Итак, расчет мой с неизвестным антагонистом кончен до продолжения. Что ж касается до г. Шевырева, то с ним у меня должна быть не разделка, а сделка. Не берусь оспоривать его общие понятия о драматическом искусстве, хотя с ними большею частию не согласен. Но касательно г. Каратыгина, он выражается, по крайней мере, совершенно одинаково со мной. Г. Шевырев признает г. Каратыгина классическим артистом — я тоже, он замечает, что в тонах голоса его есть неровность, впадающая в крайность обыкновенности — я совершенно то же, по его мнению, во всем репертуаре г.
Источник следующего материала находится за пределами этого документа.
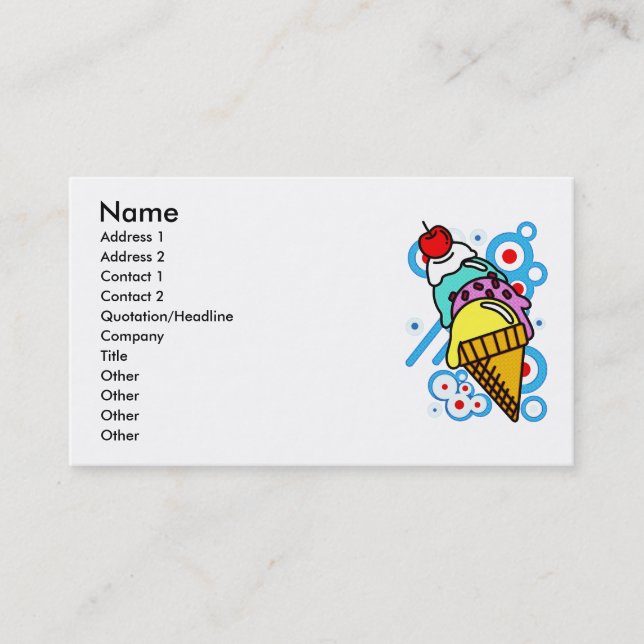 ICE BUSINESS CARD (Front)
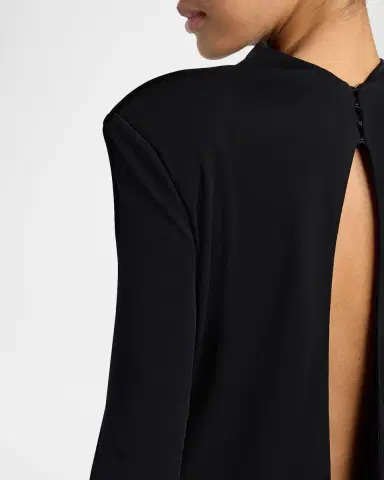 Tom Ford Mock-Neck Strong-Shoulder Cutout Gown | Thumbnail 5 Tom Ford Mock-Neck Strong-Shoulder Cutout Gown | Thumbnail 5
Каратыгина было только три роли, которые он обработал удовлетворительно: Фердинанда, Эдипа-царя и графа Эссекса — я не видал двух последних, но о первом сказал точно то же. О чем же нам спорить?
С истинным почтением и таковою же преданностию подписываю скромные буквы моего имени и прозвания, не пощаженные остроумием моего затейливого противника.